The police stopped her and said, I’m sorry but there is no tree on this road for miles.. uhh that was ur air freshener swinging back and fourth.
I hope u all liked it lol:):):)
Cool jokes 🙂 Here’s mine:
What do u call a blonde with half a brain?
Gifted!
What d’you do when a blonde throws a grenade at you?
Pull the pin and throw it back.
A blonde, a brunette and a redhead were walking on the beach, when they saw a magic lamp. They started to rub it and a genie came out. ‘U may each hav one wish.’ He said.
After thinking for a while, the redhead said, “Altho I’ll be dumber, I want to be blonde; they have more fun.” And so she turned blonde. The brunette agreed and also turned blonde. The blonde looked at her 2 friends and said, “I also want to be a blonder – I’ll have even more fun!!!” And guess what happened? She turned into a blonde man.
A blonde and a brunette were in a bar. A man walked by and he had dandruff. Brunette said we should give him Head and Shoulders. Blonde said how do you give head.
I like the pie.
There was a Brunette, a Brown-Headed and a Blonde. They were stuck in an island. Then they found a magic lamp, so they each got one wish. The Brunette and the Brown-Headed said I wish I can go home. They both went home then the blonde said I wish my friends were here I’m lonely. So the Brown and Brunette came back.
There was this blonde who needed money badly. She then decides to kidnap a little boy. She finds a boy then she brings him to the playground, she explains to him that she has kidnapped him for money, then she writes a ransom note saying that she has kidnapped their son and she demanding $10,000 cash. She wants it in a brown paper bag under the pear tree in the park, The blonde signs the letter THE BLONDE!!!! She then pins the letter to the boys chest and sends him home.

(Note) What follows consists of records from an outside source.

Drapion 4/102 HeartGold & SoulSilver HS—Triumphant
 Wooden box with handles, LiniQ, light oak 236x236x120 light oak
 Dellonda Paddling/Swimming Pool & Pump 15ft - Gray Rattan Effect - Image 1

I like these jokes, they are really funny.
A young blonde woman is distraught because she fears her husband is having an affair, so she goes to a gun shop and buys a handgun. Then one day she comes home and finds her husband in bed with a beautiful redhead. She grabs the gun and holds it to her own head. The husband jumps out of bed, begging and pleading with her not to shoot herself. Hysterically the blonde responds to the husband, “Shut up…you’re next!”
o O o
Did you hear about the two Blondes that were found frozen to death in their car at the drive-in movie theater?
They went to see “Closed for Winter”.
o O o
Once there was a blonde who was going to take flying lessons, so she went to the airport to rent a plane. The manager told her there were no planes left so she would have to use a helicopter. So the blonde got in the helicopter and took off. Every 10 miles she checked in with the manager; after the first 10 miles, she said it was a blast. When she reached 20 she told him that she had never seen so many buttons. But when she reached 30 miles she didn’t check in so the manager went to rescue her. When he found her he asked her how she crashed. The blonde replied, “It was getting cold so I turned off the big fan.”

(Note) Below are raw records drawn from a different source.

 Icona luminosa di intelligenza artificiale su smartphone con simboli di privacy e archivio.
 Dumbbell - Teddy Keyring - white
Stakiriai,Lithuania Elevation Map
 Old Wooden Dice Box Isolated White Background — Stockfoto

Actually I’ve heard a variation to this one so thought would share:
There was this blonde who needed money badly. She decides to kidnap a little boy and make money fast and easy. She finds a boy then she brings him to the playground, she explains to him that she has kidnapped him for money, then she writes a ransom note saying that she has kidnapped their son and she demanding $10,000 cash. She wants it in a brown paper bag under the pear tree in the park. The blonde signs the letter THE BLONDE!!! She then pins the letter to the boys chest and sends him home.
The next day she goes to collect the money from under the pear tree. When she gets there, she finds the money along with a letter, it said: “Thanks for returning my son. Can’t believe a BLONDE would do this to ANOTHER.”